Recent competitive record
- Current All-Ireland status:: QF in 2026
- Last championship title:: None
- Current NFL Division:: 1 (8th in 2026; relegated to Division 2)
- Last league title:: 1984–85
| First colours | Second colours |

= Monaghan county football team =

Gaelic football team

The Monaghan county football team (/ˈmɒnəhən/ MON-ə-hən) represents Monaghan in men's Gaelic football and is governed by Monaghan GAA, the county board of the Gaelic Athletic Association. The team competes in the three major annual inter-county competitions; the All-Ireland Senior Football Championship, the Ulster Senior Football Championship and the National Football League.

Monaghan's home ground is St Tiernach's Park, Clones.

The team last won the Ulster Senior Championship in 2015 and the National League in 1985. The team has not yet won a senior All-Ireland competition.

==History==

===Early years===
Football was recorded in Inniskeen in 1706 in a poem. Monaghan were prominent in Ulster championship competitions during the period 1914-30, and one of the first Ulster counties to contest an All-Ireland final.

===1930–1978===
Monaghan beat Kildare in a semi-final to reach the 1930 All-Ireland Senior Football Championship Final, where Kerry beat them by 3–11 to 0-2 without their goalkeeper touching the ball.

===1979–1988===
Seán McCague managed the team from the late 1970s. He managed his county team to the 1979 Ulster Senior Football Championship (SFC) title and then led it to two further Ulster SFC titles, as well as the National Football League title. The 1979 title win was Monaghan's first for 41 years.

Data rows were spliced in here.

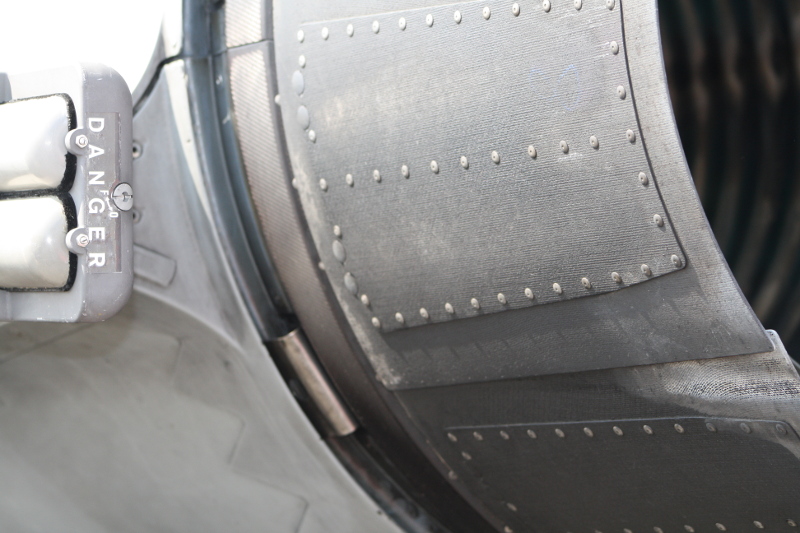 Rafale C exhaust detail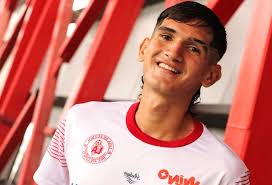 Roberto Carlos, mantiene vigente la dinastía Futbolística de los Mackenzie 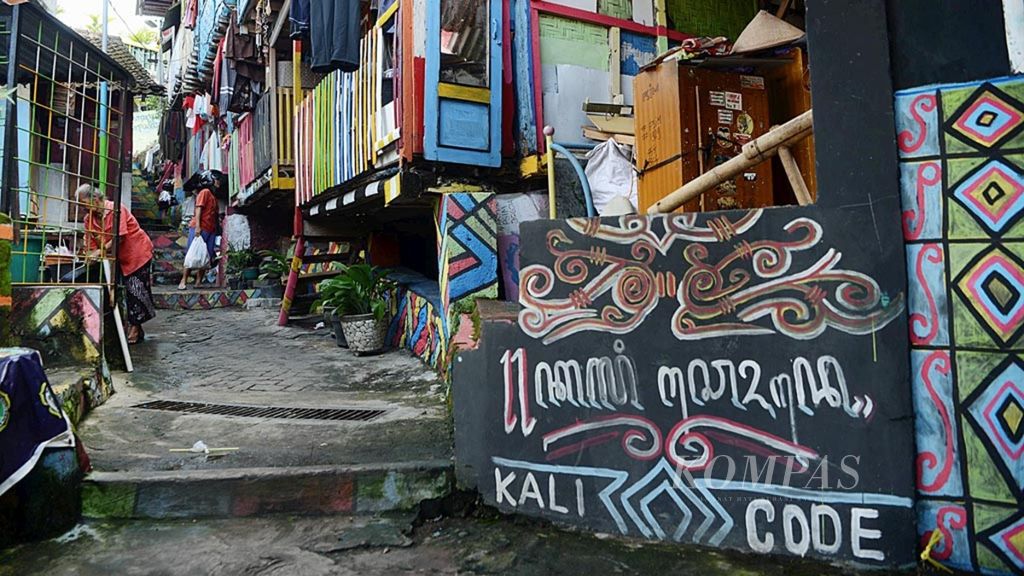 Rumah hunian Kampung Code yang berada di tepi Sungai Code, Yogyakarta, Selasa (15/1/2019). Penataan permukiman Kali Code ini digagas oleh Romo Mangun. 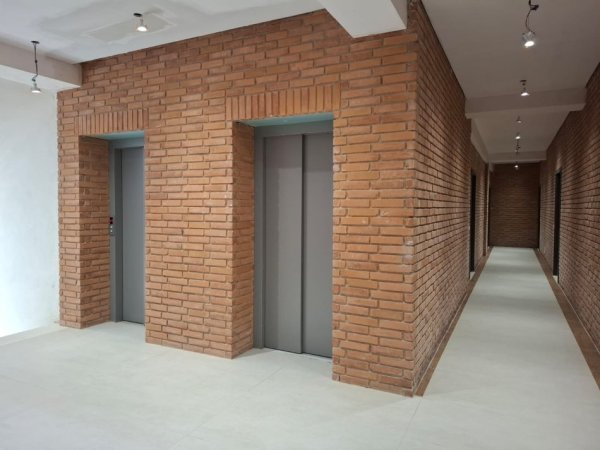 Tirane, jepet me qera apartament 1+1 Kati 5, 60 m² 600 €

In 1979, the Monaghan team won the Ulster Senior Football Championship for the first time in 41 years with a defeat of Donegal. In the final Monaghan Kieran Finlay scored 1–9, which was a record in an Ulster final for 20 years, until Armagh forward Oisín McConville bettered it with a 2–7 tally against Down in 1999. They also won the Dr McKenna Cup in 1979. That year, in the Ceannarus Tournament, they also beat Roscommon and Dublin. In the All-Ireland Senior Football Championship 1979 semi-final at Croke Park, Monaghan were again beaten by Kerry, 5–14 to 0–7.

In 1984, Monaghan reached the Centenary Cup final following wins over Limerick, Mayo, Offaly (quarter final) and Derry (semi-final after extra time) The Offaly and Derry games were played in Croke Park as was the final against Meath which Monaghan lost by 0–10 to 0–8. Monaghan also won Division 3 of the National Football League that year and lost to Meath in the quarterfinal.

1985 was the county's most successful year to date. A National Football League final victory against Armagh in 1985 created a momentum that peaked in 1985 when future Monaghan manager Eamonn McEneaney kicked an equalizing point from 48 metres out near the sideline beside the Hogan Stand to draw the All-Ireland semi-final against Kerry on a scoreline of Monaghan 2–9 to Kerry's 1-12. Kerry won the replay on a 2–9 to 0–10 score.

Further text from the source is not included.